Ses conseillers s’arrachent les cheveux. Comment profiler un souverain aussi lointain aux yeux de ses peuples ? En cultivant son image triomphante, pour mieux masquer la vraie fragilité de son pouvoir impérial. Il faut en mettre plein la vue. Epater la galerie pour impressionner les petites gens et séduire les élites urbaines. Charles s’en donne les moyens. Une entreprise internationale s’active dans la coulisse. Elle mobilise par centaines, poètes, peintres, imprimeurs, historiens officiels, tisserands, armuriers.
Charles, en vrai pro, a l’oeil à tout. « Il accordait de l’importance aux moindres détails de son apparence », souligne l’historien britannique Peter Burke. Il veille à cacher ses premiers cheveux blancs, qu’il attrape dès ses 35 ans. Il soigne sa mise et mouille sa chemise. « Charles se comportait en véritable metteur en scène, il jouait son propre rôle en public, écoutant les suppliants, recevant leurs pétitions. »
« La société burgondo-habsbourgeoise est une société de spectacle permanent. Le prince est constamment en représentation, en exhibition », relève l’historienne Claire Billen (ULB). Tâche harassante. La cour de l’époque n’a pas de résidence fixe. Ce n’est pas encore Versailles, d’où le Roi-Soleil rayonnera sur l’Europe. Charles Quint n’est pas Louis XIV, un souverain bâtisseur.
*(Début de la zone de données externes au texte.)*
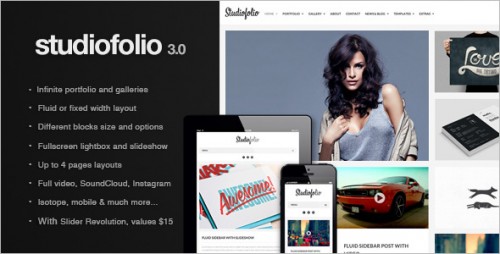 Studiofolio - Versatile Portfolio and Blog Theme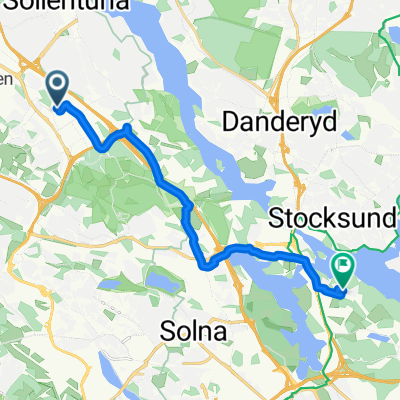 Borgarfjordsgatan, Kista to Forskarbacken, Stockholm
C’est sur les routes que l’empereur itinérant doit se donner en spectacle. Tout un cirque ambulant de 200 à 300 personnes est du voyage. Exige des supports de propagande mobiles. Comme ces coûteuses tapisseries exhibées pour célébrer partout les dadas du prince : la chasse, les fêtes. Joutes, tournois, banquets interminables qui virent à de grosses bouffes : Charles Quint tient à faire parler de lui par un sens prononcé de la fête. Et par sens du devoir. « Il ne s’agit pas du tout de sujets olé olé. Ces activités sont au coeur du fonctionnement du pouvoir, explique Claire Billen. Chasser le loup, le cerf ou le sanglier, est plus qu’un plaisir guerrier, viril. C’est une discipline, une morale qui permet au prince de prouver sa patience, son courage, son habileté, son sens du raisonnement, son dynamisme. » Autant de qualités lancées à la face de l’adversaire : « Nous, les Habsbourg, sommes aussi valeureux chasseurs que les Valois de France. »
Maudits Valois. François Ier, captif de Charles Quint après le désastre que le roi de France subit à Pavie en 1525, s’empresse de renier ses engagements sitôt libéré. Charles, outré, provoque son rival en combat singulier afin de vider une bonne fois pour toutes la querelle. Le combat des chefs n’a aucune chance d’avoir lieu. Qu’importe : ses contemporains en sont tout secoués. Charles Quint fait le buzz, bien avant l’heure.